Los Angeles, Calif. (August 18, 2023) – Los Angeles Partner Tony M. Sain and Associate Abigail R. McLaughlin recently secured a precedent-setting appellate victory: making new law when the U.S. Court of Appeals for the Ninth Circuit clarified the availability of civil claims arising from alleged failures to disclose exculpatory evidence in a criminal case under Brady v. Maryland, 373 U.S. 83 (1963). The new Ninth Circuit case law holds that a plaintiff cannot state a viable claim for an alleged Brady violation unless the failure to disclose exculpatory evidence affected the outcome of a pretrial criminal proceeding, or resulted in a conviction at trial or by plea. Since our client’s plaintiff could not meet the new threshold, our Los Angeles team won judgment for the defense via appeal. 

Underlying Facts 

The plaintiff in this case was a pretrial detainee for four years in a County of Riverside jail for his roommate’s murder. During the investigation, the plaintiff confessed to the murder after a lengthy interrogation. However, the details he provided in his confession did not match the forensic facts of the case, and he later claimed that his confession was sarcastic. The plaintiff’s pretrial incarceration was repeatedly extended, as his own counsel sought a series of continuances in the criminal case. As a result, the plaintiff never proceeded to a preliminary hearing – an evidentiary court proceeding in California where probable cause to support the criminal charges must be found before the criminal defendant will be bound to proceed to trial. Approximately six months before the plaintiff’s release, another roommate of the decedent confessed more credibly to the murder.

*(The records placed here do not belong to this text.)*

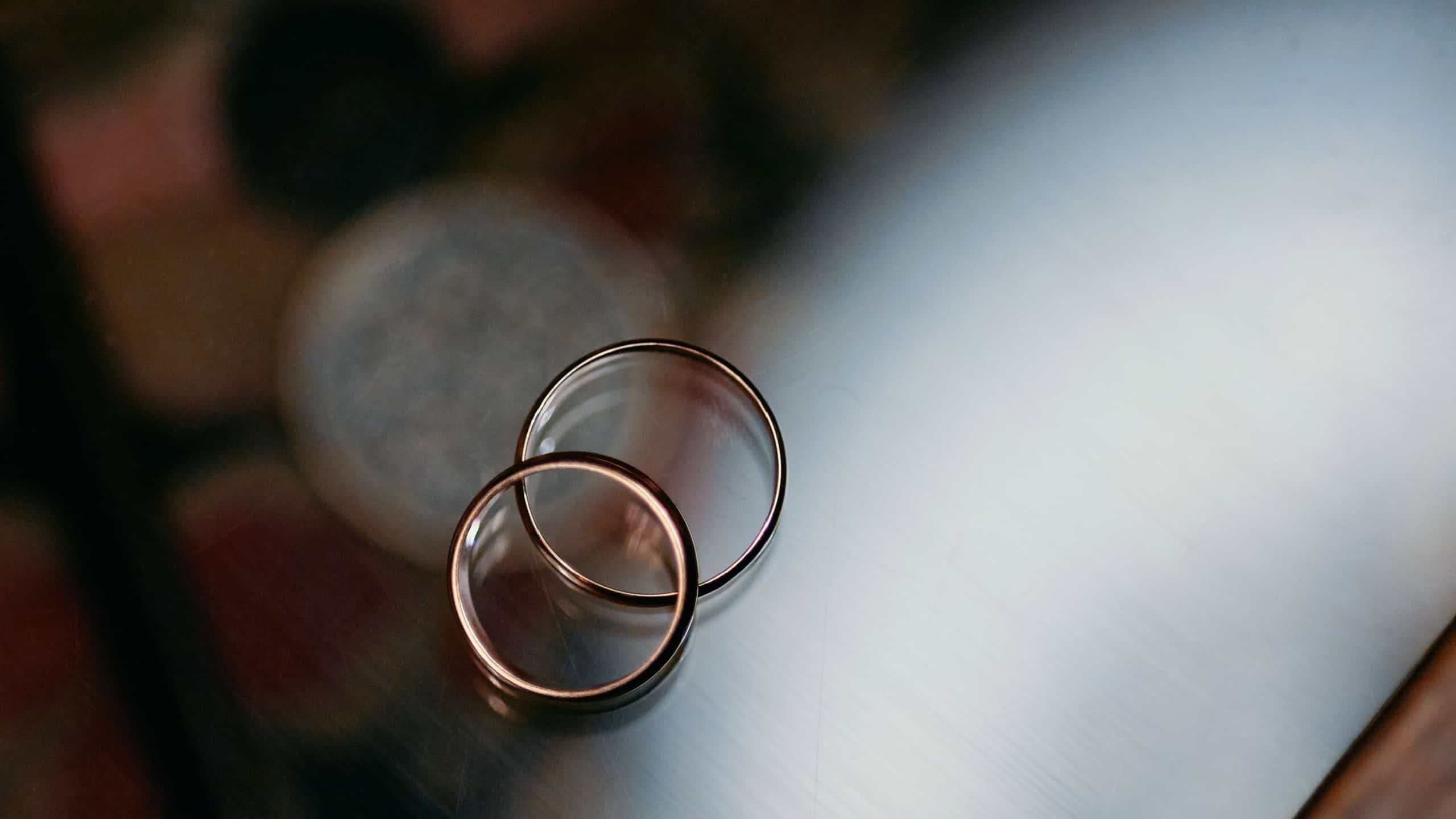Two gold wedding rings placed together on a glass surface symbolize love, unity, and commitment. The minimalist setup highlights the symbolic nature of marriage and togetherness.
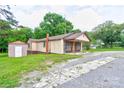 A single-story home with light siding, a covered porch and a brick chimney, nestled among mature trees at 1529 Stony Point Rd, Shelby, NC 28150
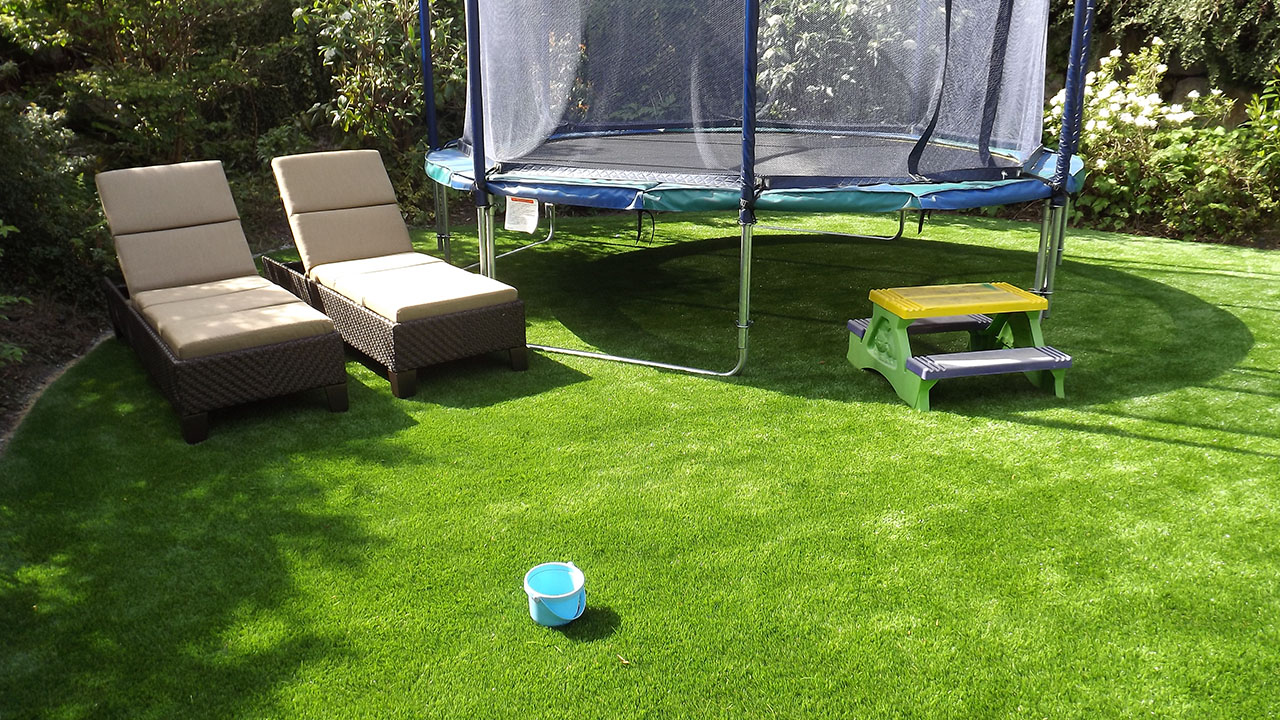 artificial grass with trampoline in backyard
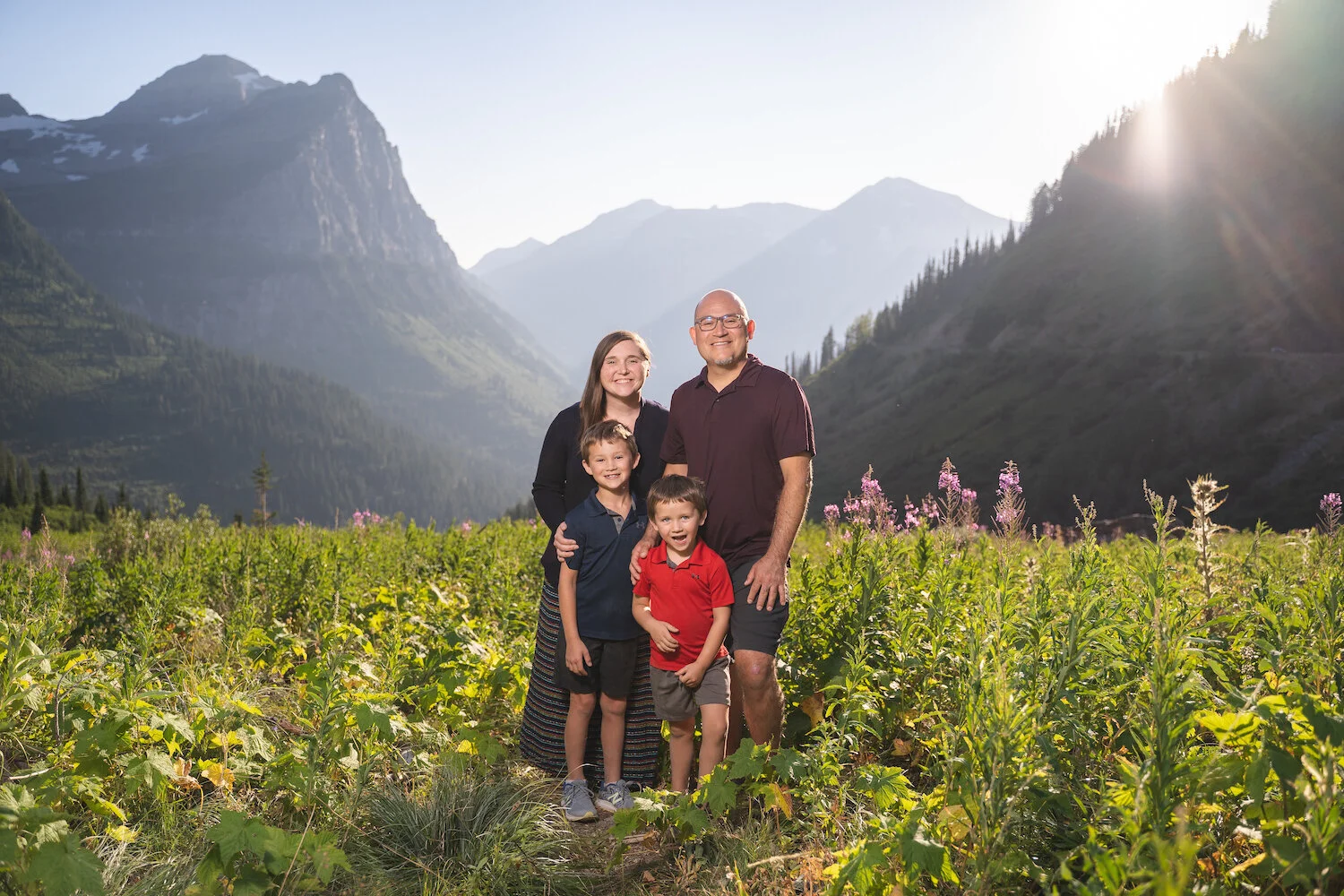 Family of four posing in a lush field with mountains in the background during daytime.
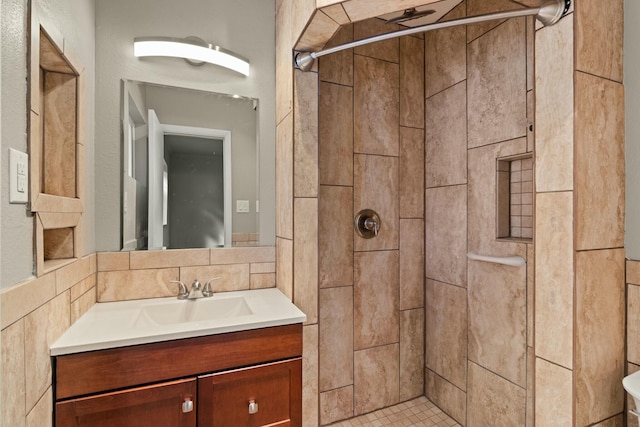 bathroom featuring tasteful backsplash, tiled shower, and vanity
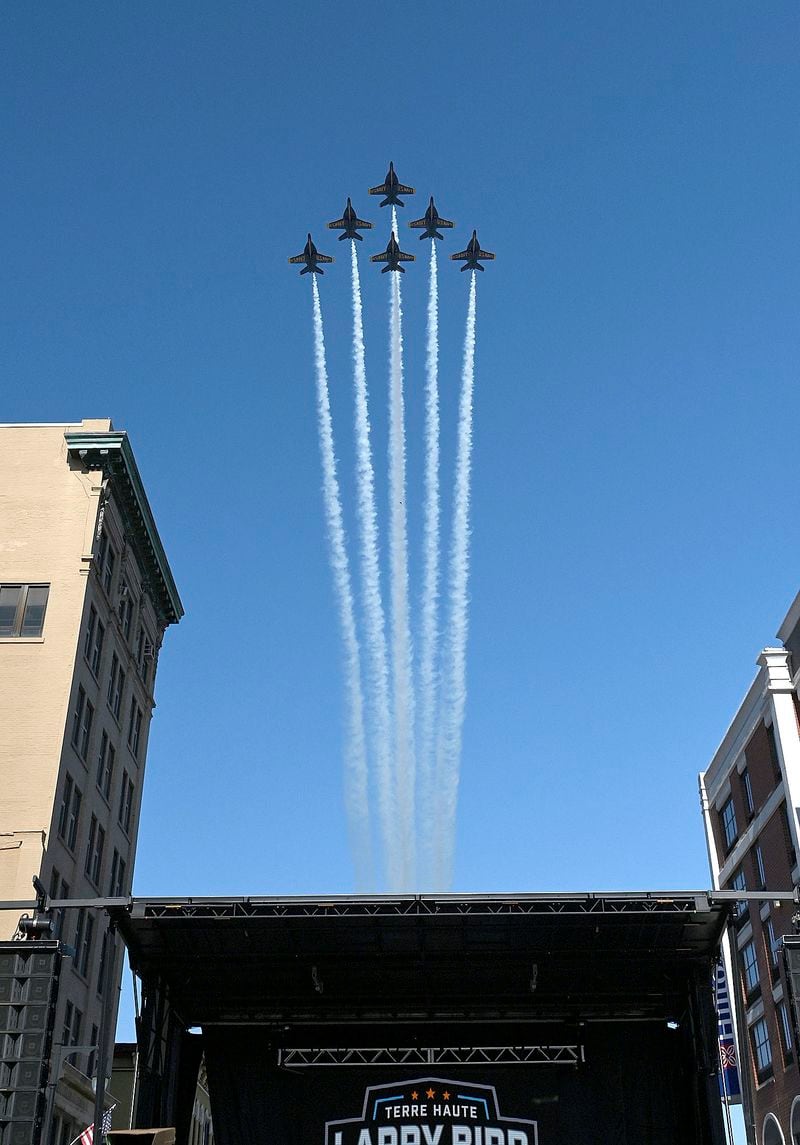Members of the U.S. Navy Blue Angels fly over downtown Terre Haute, Ind., before the grand opening ceremony for the Larry Bird Museum, Thursday, May 30, 2024, in Terre Haute, Ind. (Joseph C. Garza/The Tribune-Star via AP)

As a result, before the plaintiff’s preliminary hearing had occurred, he was released, and the criminal charges against him were dismissed. 

Plaintiff’s Claims and District Court Rulings 

Years after the statute of limitations had run as to all but the Brady claim, the plaintiff filed claims for malicious prosecution, a Brady violation, and related municipal policy/custom Monell violations against Lewis Brisbois’ municipal clients. The district court granted judgment on the pleadings – in favor of the defendants – on all of the malicious prosecution and related Monell claims, but it held that the non-time-barred Brady claim (and associated pendant Monell claim) could proceed. It did so, notwithstanding that the prevailing case law held that Brady claims were not viable unless the failure to disclose exculpatory evidence resulted in a conviction at trial or by plea. The municipality defendants subsequently sought and obtained district court authorization to bring an interlocutory appeal on the Brady claim viability issue, and the appeal ensued.

The Appeal and Ninth Circuit Decision 

Mr. Sain and Ms. McLaughlin appeared before the Ninth Circuit for oral argument in May. The court ultimately held that, although there was exculpatory evidence to undermine the plaintiff’s confession, his Brady claim was not actionable because the criminal charges against him had been dismissed before he was subjected to a preliminary hearing where evidence could have been presented. Accordingly, the Ninth Circuit ordered the district court to enter judgment in favor of Lewis Brisbois’ clients. The plaintiff did not challenge the district court finding that his other claims in the matter were time-barred. As such, the case is expected to be dismissed – in its entirety – in the near future. 

Mr. Sain is a Princeton-educated member of Lewis Brisbois’ General Liability and National Trial Practices. He focuses his practice on high exposure, high-stakes, high-profile matters in a wide variety of catastrophic injury and wrongful death cases across a number of practice areas, including personal injury, tort litigation, as well as police civil rights and public entity defense.  

Ms. McLaughlin is a member of the General Liability Practice. After graduating from the University of Oklahoma College of Law, she practiced at a boutique probate litigation firm, handling all aspects of cases from inception to settlement or trial, before moving to a mid-size firm as a member of their strategy, writs, and appeals team: where she first began working with Mr. Sain, before joining him here at Lewis Brisbois. This win was also Ms. McLaughlin’s first appellate oral argument and her performance earned praise from the Circuit Court.